万年筆店がただ書きやすい万年筆だけを売っていればやっていくことができる時代はとっくに終わっていて、私たちは例えば、ゴルフや釣りなどに負けない楽しさを示さなければいけないと思っていました。
今では同業者は手を取り合ってお互い高め合い、相乗効果を狙う同志でなければいけないと思っていて、ライバルはゴルフショップやつり道具屋なのだと認識しなければいけない。
同様に筆記具メーカーも安泰ではありません。筆記具メーカーは、よく書けるペンを作っていれば勝手に売れて、やっていける時代ではなくなっています。よく書けるのは当然で、そこに楽しさがなければいけない。
極端な言い方をすると、多少実用性を無視していても楽しさが提案できれば、世の中に受け入れられるのかもしれません。書きにくいと言っているわけではないけれど、アントウはそんなペンなのだと思います。
キャップがマグネット式なので素早く開け閉めができるとか、替芯を先端の口金で固定しているので、ペン先のブレがなかったり、芯と口金が当たってカチカチ鳴ることがないなど筆記具としての良さを挙げることはできるけれど、このペンが使う人にもたらす楽しみの前には、それらは本当に些細なことに思えます。
アントウは、様々なボールペンの替芯をその長さや形に捉われずに使うことができるのが大きな特長ですが、このペンが創り出しているのは、このペンで使う替芯を探す遊びです。

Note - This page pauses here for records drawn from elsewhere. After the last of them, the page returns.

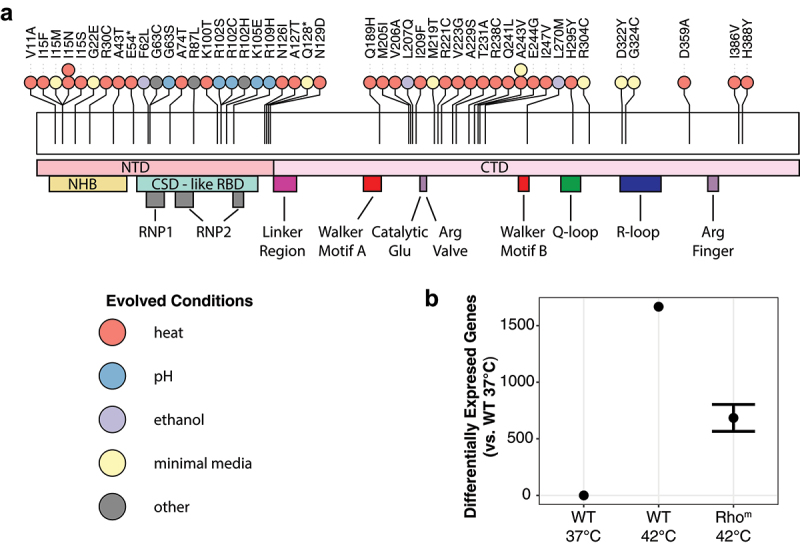 Rho-dependent termination: a bacterial evolutionary capacitor for stress resistance.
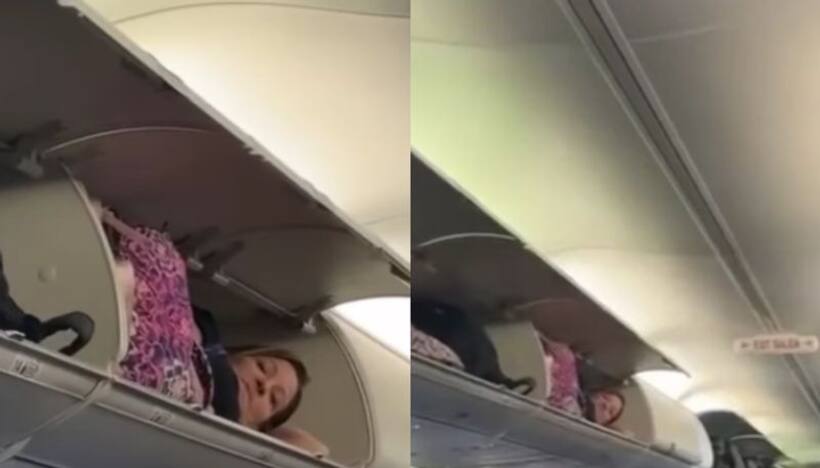 Viral video: American woman climbs into luggage compartment of plane to take a nap [watch]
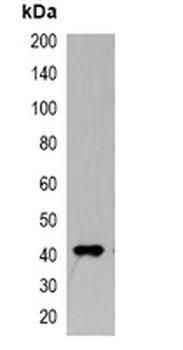 Anti-Myc-tag Antibody-HRP labled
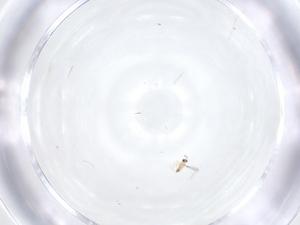  (Neostethynium - CBG-A18426-G11)  @11 [ ] CreativeCommons - Attribution Share - Alike (2023) Centre for Biodiversity Genomics Centre for Biodiversity Genomics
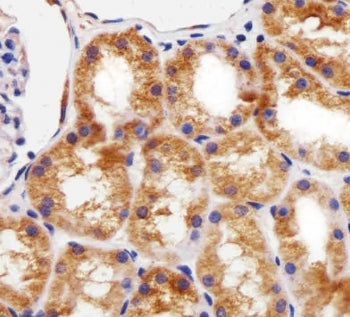 IHC testing of FFPE human kidney tissue with BCL10 antibody. HIER: steam section in pH6 citrate buff
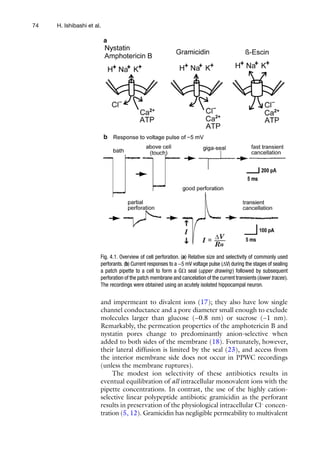 74 H. Ishibashi et al.
and impermeant to divalent ions (17); they also have low single
channel conductance and a pore diameter small enough to exclude
molecules larger than glucose (~0.8  nm) or sucrose (~1  nm).
Remarkably, the permeation properties of the amphotericin B and
nystatin pores change to predominantly anion-selective when
added to both sides of the membrane (18). Fortunately, however,
their lateral diffusion is limited by the seal (23), and access from
the interior membrane side does not occur in PPWC recordings
(unless the membrane ruptures).
The modest ion selectivity of these antibiotics results in
eventual equilibration of all intracellular monovalent ions with the
pipette concentrations. In contrast, the use of the highly cation-
selective linear polypeptide antibiotic gramicidin as the perforant
results in preservation of the physiological intracellular Cl−
concen-
tration (5, 12). Gramicidin has negligible permeability to multivalent
Fig. 4.1. Overview of cell perforation. (a) Relative size and selectivity of commonly used
perforants. (b) Current responses to a −5 mV voltage pulse (DV) during the stages of sealing
a patch pipette to a cell to form a GW seal (upper drawing ) followed by subsequent
perforation of the patch membrane and cancelation of the current transients (lower traces ).
The recordings were obtained using an acutely isolated hippocampal neuron.
 
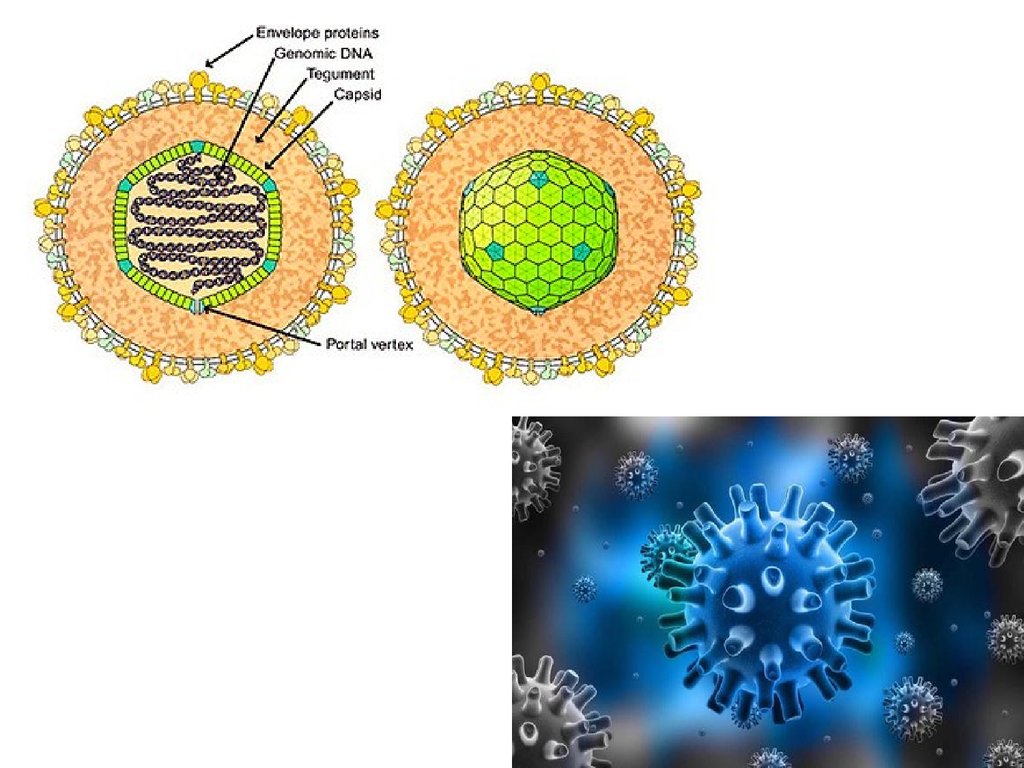 Epstein barr virus ebna. Вирус Эпштейна Барра строение. Строение вируса Эпштейна-Барр. Герпесвирус Эпштейна-Барр что это. Структура вириона вируса Эпштейна-Барр.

手帳に使いたいのなら、細く書けて自分の好みの書き味やインクの色を持っているボールペンの芯を探せばいいし、サインペンのように使いたければ太字の水性ボールペンを探せばいい。
アントウのペンを所有した人は文具店の筆記具売場で、様々なペンを試してみて、好みのものを見つけようと時間を忘れて過ごすことになるでしょう。
本国のホームページに載っていましたが、アントウのボールペンに新製品が追加されました。ボールペンCよりも1.5mmほど短く、わずかに細い「ボールペンCミニ」とスタイラスペンを備えた「ボールペンS」です。
当然、ボールペンCの方がミニよりも多くの替芯に対応しますが、ミニの小ささはこの無骨なペンに少しの可愛らしさを与えています。
アントウのペンのボディの内寸をそれぞれ記しておきます。替芯探しのお役に立てればと思います。
・ボールペンC 長さ101mm 直径7.8mm
・ボールペンCミニ 長さ92mm 直径7mm
・ボールペンS 長さ101mm 直径6mm
上記のサイズよりも小さな芯であれば使えるということになります。ただ、一部口金を通らないものもありますのでお気を付け下さい。
私は文具店にいた経験があるので、アントウのペンに入れたい芯をいくつも思い浮かべることができます。お客様と話をしていても、文房具に詳しい人ほどこのペンを面白いと思ってくれるようです。
ただ書くだけのペンは、いくらでも見つけることができます。でもこういう楽しみのあるペンはそうそうあるものではないと、文房具好きなお客様方にお勧めしたいと思います。